### Extracted data entries:
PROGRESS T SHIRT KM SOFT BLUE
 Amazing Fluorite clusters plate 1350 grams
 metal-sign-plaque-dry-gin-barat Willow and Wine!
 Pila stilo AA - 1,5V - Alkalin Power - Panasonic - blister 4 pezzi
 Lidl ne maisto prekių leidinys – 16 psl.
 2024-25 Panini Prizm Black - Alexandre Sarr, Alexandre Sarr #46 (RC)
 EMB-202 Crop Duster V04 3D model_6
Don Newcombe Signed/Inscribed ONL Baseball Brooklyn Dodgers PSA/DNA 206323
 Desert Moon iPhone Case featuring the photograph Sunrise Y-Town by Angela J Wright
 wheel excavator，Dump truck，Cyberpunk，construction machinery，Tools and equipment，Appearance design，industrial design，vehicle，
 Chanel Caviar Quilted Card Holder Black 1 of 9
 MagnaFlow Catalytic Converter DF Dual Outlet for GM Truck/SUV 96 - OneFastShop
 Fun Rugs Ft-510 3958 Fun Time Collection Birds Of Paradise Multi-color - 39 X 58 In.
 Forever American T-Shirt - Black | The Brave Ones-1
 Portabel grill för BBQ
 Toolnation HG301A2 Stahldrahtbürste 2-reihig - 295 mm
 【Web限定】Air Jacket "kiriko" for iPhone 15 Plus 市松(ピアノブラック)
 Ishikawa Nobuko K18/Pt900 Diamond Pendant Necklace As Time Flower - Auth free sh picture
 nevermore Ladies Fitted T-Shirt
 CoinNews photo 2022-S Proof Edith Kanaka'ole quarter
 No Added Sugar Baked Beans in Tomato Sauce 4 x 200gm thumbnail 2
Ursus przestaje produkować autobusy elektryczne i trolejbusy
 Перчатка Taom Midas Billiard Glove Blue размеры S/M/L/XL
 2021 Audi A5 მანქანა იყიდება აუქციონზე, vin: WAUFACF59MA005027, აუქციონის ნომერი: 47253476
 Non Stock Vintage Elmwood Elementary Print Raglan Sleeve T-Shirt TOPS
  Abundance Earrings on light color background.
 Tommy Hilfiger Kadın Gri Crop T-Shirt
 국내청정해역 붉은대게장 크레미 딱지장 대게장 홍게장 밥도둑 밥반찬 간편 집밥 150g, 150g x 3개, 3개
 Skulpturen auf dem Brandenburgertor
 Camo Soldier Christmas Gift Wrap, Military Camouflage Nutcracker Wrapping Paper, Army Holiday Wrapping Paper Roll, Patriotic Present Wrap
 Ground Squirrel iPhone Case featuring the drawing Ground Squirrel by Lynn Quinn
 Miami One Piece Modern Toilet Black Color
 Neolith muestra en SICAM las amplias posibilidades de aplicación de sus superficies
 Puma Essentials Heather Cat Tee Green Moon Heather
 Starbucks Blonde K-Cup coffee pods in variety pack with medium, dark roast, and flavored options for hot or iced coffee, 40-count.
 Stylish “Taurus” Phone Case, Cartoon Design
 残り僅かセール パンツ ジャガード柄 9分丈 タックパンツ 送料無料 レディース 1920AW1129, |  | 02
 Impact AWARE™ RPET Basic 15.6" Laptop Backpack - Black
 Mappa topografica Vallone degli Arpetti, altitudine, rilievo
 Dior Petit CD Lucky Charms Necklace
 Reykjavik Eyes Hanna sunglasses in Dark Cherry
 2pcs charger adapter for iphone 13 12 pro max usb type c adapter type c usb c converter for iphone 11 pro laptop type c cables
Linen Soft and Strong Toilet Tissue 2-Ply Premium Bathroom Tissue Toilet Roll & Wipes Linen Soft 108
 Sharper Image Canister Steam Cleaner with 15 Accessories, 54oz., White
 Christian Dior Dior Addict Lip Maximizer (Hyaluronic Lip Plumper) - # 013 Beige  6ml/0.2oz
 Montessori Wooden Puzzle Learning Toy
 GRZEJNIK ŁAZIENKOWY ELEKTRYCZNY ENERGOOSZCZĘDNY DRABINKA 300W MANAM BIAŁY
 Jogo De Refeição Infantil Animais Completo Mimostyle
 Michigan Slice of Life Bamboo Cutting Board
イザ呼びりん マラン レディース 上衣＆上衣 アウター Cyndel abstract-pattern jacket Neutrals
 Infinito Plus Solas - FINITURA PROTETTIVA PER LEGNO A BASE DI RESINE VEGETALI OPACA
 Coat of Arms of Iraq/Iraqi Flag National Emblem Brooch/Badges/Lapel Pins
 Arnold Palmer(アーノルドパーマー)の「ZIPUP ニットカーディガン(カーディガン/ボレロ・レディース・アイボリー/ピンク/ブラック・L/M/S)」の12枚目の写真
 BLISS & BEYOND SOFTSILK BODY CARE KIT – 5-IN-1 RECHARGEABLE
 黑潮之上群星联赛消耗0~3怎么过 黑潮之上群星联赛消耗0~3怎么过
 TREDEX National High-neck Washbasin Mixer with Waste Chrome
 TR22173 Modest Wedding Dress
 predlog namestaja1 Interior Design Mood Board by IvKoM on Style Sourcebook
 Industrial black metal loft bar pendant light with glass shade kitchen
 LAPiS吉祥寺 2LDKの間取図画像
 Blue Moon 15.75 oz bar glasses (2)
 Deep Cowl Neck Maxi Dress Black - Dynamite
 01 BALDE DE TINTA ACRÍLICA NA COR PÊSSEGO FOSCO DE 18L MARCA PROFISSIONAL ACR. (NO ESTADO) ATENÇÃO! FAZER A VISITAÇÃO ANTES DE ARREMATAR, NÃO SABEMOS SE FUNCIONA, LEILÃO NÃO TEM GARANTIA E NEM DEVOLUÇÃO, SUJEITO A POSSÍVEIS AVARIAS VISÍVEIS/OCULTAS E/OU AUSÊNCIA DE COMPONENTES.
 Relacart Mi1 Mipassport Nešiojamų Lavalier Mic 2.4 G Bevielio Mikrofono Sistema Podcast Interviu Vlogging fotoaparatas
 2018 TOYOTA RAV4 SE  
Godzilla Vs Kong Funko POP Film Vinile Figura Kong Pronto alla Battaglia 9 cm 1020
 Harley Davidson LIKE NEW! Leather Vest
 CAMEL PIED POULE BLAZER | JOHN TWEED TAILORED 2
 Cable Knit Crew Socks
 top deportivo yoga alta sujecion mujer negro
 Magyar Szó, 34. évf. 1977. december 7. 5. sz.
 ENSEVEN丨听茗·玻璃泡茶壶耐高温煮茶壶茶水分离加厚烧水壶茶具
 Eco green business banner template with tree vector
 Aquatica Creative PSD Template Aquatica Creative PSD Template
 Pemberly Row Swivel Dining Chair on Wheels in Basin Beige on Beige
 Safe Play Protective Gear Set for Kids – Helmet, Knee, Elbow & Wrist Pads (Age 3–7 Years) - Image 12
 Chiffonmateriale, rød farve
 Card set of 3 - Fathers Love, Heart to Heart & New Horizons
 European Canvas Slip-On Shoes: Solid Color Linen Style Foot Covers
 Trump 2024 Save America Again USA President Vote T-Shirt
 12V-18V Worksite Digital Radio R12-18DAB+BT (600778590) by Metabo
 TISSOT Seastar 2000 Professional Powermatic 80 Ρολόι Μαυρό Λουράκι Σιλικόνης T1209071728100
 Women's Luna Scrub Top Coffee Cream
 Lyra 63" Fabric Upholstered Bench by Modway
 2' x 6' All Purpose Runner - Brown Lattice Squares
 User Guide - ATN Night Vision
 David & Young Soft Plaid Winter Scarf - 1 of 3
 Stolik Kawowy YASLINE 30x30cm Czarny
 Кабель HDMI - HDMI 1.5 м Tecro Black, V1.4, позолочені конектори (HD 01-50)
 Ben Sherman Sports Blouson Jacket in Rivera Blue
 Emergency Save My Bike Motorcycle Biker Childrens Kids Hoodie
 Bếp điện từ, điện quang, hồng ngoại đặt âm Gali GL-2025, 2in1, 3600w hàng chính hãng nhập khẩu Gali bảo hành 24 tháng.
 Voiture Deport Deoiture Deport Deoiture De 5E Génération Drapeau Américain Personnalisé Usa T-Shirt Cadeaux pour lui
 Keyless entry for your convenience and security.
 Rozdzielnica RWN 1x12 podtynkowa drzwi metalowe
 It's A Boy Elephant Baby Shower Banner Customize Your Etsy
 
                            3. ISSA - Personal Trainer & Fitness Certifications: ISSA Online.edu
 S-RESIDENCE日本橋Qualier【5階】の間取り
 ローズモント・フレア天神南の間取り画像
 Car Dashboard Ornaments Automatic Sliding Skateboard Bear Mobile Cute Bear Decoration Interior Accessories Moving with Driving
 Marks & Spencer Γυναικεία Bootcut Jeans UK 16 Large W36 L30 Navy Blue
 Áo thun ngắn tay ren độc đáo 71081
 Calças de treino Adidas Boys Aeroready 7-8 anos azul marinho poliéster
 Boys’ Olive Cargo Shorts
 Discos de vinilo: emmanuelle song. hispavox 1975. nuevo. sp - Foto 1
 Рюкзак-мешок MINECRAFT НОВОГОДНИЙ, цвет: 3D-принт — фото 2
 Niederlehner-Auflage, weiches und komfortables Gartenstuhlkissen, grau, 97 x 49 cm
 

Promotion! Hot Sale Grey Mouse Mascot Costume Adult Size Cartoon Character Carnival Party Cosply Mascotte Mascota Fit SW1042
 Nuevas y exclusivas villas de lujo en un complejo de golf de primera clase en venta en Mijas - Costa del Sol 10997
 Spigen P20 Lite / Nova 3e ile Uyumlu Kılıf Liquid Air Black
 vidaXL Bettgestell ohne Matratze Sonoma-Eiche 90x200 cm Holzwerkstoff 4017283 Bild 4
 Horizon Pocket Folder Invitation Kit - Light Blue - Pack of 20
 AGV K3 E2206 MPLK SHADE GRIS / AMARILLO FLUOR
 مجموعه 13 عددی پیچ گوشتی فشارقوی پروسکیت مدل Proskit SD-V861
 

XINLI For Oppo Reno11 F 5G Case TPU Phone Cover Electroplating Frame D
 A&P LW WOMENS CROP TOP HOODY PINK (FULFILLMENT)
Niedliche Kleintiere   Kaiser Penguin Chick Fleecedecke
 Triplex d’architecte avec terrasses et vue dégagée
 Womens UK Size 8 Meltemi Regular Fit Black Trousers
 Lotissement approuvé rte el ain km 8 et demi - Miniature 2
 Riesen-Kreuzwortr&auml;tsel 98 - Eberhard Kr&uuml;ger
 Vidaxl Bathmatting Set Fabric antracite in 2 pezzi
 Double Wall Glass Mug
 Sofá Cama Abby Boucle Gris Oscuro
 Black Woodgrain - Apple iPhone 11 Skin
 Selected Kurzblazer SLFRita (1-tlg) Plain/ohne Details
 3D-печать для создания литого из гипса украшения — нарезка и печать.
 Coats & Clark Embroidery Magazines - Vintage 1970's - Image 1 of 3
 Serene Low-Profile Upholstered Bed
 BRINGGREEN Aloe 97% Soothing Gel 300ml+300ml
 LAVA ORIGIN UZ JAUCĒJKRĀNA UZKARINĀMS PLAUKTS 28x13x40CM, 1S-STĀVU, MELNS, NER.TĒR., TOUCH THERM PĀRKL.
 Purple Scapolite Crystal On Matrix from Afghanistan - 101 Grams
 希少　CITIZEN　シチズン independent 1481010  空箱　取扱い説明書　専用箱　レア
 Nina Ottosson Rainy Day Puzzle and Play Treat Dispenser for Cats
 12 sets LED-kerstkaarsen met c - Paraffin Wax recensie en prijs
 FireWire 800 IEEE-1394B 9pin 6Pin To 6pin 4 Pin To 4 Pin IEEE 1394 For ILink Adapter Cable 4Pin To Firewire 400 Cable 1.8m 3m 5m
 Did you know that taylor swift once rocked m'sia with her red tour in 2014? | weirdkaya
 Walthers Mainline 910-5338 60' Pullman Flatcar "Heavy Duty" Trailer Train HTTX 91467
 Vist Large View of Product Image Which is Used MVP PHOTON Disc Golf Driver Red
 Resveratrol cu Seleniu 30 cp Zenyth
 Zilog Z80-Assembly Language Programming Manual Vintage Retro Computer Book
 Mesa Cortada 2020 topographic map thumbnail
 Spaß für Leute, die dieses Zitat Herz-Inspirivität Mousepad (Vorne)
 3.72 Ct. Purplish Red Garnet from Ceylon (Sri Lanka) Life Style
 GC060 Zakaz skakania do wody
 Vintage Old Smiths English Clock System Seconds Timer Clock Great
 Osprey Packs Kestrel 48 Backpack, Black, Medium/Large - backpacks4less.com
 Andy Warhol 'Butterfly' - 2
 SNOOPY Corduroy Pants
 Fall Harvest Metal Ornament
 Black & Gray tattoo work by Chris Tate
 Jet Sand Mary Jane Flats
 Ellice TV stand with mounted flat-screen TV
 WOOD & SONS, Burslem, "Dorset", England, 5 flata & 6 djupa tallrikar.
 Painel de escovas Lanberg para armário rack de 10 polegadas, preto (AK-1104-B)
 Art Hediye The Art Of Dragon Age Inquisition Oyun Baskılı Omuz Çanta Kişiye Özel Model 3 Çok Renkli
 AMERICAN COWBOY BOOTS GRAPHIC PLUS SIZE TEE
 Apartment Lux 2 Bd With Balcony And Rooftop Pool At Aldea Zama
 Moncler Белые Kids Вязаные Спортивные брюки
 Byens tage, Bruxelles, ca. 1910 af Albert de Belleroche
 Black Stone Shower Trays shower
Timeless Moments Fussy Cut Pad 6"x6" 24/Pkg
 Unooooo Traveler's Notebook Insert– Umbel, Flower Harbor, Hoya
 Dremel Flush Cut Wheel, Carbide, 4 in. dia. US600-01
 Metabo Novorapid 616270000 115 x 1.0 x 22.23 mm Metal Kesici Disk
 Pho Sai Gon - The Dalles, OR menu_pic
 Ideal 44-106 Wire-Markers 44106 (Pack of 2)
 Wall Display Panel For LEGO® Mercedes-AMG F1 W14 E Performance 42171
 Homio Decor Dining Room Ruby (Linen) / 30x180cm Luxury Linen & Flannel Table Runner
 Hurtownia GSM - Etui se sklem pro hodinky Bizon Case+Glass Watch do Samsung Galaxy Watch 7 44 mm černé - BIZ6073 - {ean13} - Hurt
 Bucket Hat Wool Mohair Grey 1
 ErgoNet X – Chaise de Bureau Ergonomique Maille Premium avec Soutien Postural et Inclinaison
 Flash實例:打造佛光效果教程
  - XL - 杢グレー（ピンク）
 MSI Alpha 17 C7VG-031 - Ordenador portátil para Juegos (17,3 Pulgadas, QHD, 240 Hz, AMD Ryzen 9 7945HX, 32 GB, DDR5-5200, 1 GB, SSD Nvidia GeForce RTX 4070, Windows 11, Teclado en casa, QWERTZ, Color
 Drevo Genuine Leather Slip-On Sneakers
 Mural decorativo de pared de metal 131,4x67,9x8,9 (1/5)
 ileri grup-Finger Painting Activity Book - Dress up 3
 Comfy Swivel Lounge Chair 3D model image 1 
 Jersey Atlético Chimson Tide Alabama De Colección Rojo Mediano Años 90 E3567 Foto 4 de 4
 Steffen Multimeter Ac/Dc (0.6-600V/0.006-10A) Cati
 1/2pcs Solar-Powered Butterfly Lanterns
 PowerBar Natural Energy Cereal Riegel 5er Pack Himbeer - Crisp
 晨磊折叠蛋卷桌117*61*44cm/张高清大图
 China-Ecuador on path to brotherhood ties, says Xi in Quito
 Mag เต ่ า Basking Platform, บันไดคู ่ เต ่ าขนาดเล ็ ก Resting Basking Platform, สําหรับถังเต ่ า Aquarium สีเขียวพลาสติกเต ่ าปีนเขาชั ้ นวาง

### Try it:
What you give back should be only the lines of the records above, starting at the line with "Michigan Slice of Life Bamboo Cutting Board" and ending at the line with "Deep Cowl Neck Maxi Dress Black - Dynamite", restated word for word.

### Solution to the problem:
 Michigan Slice of Life Bamboo Cutting Board
イザ呼びりん マラン レディース 上衣＆上衣 アウター Cyndel abstract-pattern jacket Neutrals
 Infinito Plus Solas - FINITURA PROTETTIVA PER LEGNO A BASE DI RESINE VEGETALI OPACA
 Coat of Arms of Iraq/Iraqi Flag National Emblem Brooch/Badges/Lapel Pins
 Arnold Palmer(アーノルドパーマー)の「ZIPUP ニットカーディガン(カーディガン/ボレロ・レディース・アイボリー/ピンク/ブラック・L/M/S)」の12枚目の写真
 BLISS & BEYOND SOFTSILK BODY CARE KIT – 5-IN-1 RECHARGEABLE
 黑潮之上群星联赛消耗0~3怎么过 黑潮之上群星联赛消耗0~3怎么过
 TREDEX National High-neck Washbasin Mixer with Waste Chrome
 TR22173 Modest Wedding Dress
 predlog namestaja1 Interior Design Mood Board by IvKoM on Style Sourcebook
 Industrial black metal loft bar pendant light with glass shade kitchen
 LAPiS吉祥寺 2LDKの間取図画像
 Blue Moon 15.75 oz bar glasses (2)
 Deep Cowl Neck Maxi Dress Black - Dynamite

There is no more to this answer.